Il Presidente del Consiglio Giorgia Meloni, di ritorno dal suo viaggio in Campania ha le idee chiare: «Lo Stato deve metterci la faccia». E così è stato. Governo a lavoro e Dl presentato in pompa magna con mezza squadra di ministri presenti. Ha cominciato il Guardasigilli, Carlo Nordio: «Abbiamo cercato di coniugare la necessità della repressione della delinquenza minorile con quella di consentire ai minori che hanno commesso dei crimini di poter trovare un percorso rieducativo e non solo punitivo.

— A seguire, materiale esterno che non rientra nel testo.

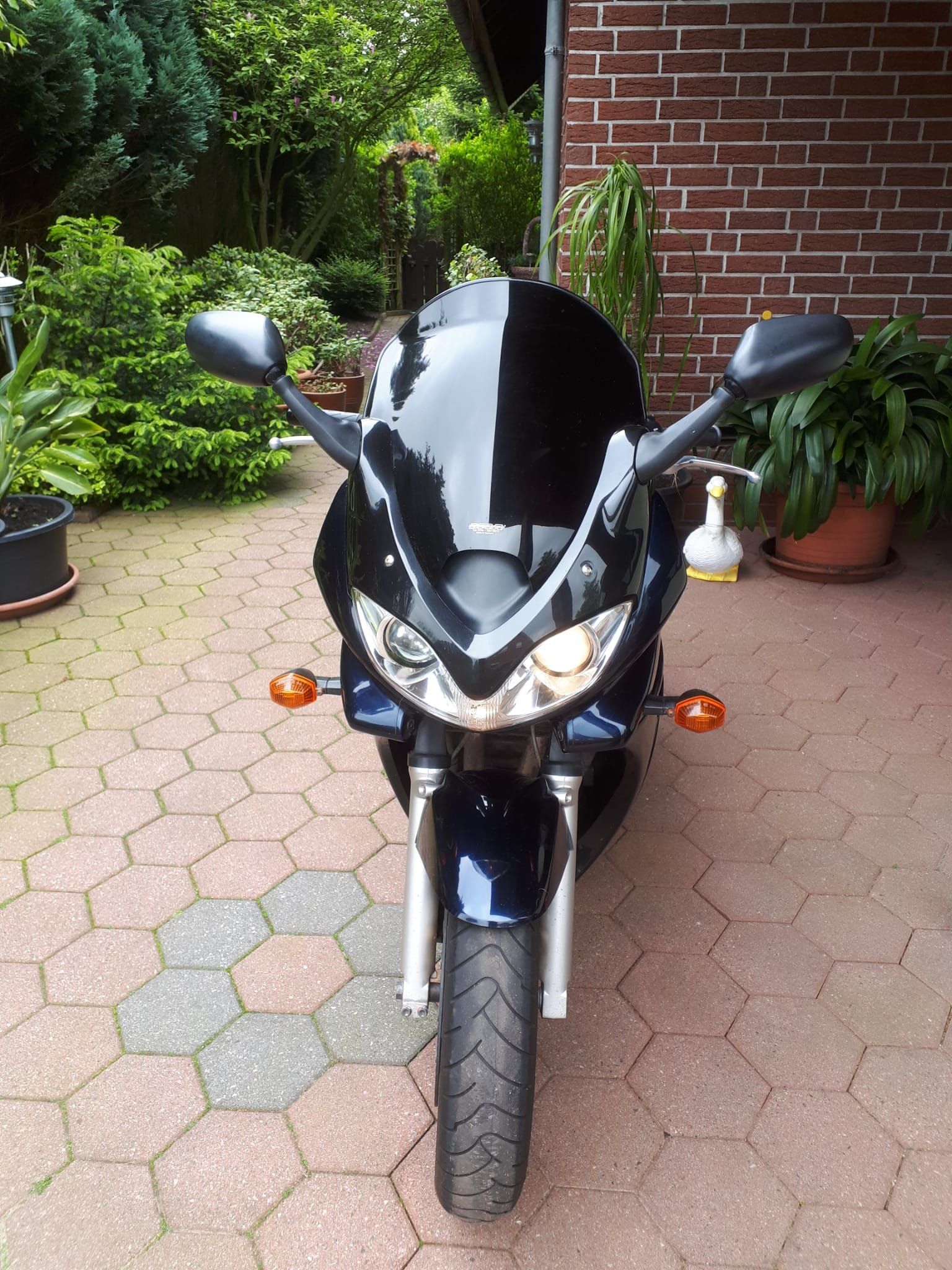 Ein schwarzes Motorrad steht vor einem Backsteingebäude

Inoltre, Non si è intervenuto sull’imputabilità del minore e non è stata abbassata l’età da 14 a 12 anni», ha detto il ministro della Giustizia. La parola è poi passata al ministro dell’Interno: «Il daspo urbano può essere applicato anche ai minorenni ultraquattordicenni. Lo stesso vale per il daspo per i reati da stupefacenti. Vengono poi rafforzate le misure di allontanamento dagli esercizi pubblici, anche a chi è denunciato e non solo condannato. C’è l’inasprimento delle pene – ha annunciato Matteo Piantedosi – per il porto d’armi bianca e per lo spaccio di lieve entità». Infine, la ministra per la famiglia Eugenia Roccella, che ha spiegato così la decisione di non procedere con la stretta sul porno: «Implementiamo il parental control, che già esiste da molto tempo e non viene usato. Vogliamo che diventi automatico, che sia offerto in tutti i device».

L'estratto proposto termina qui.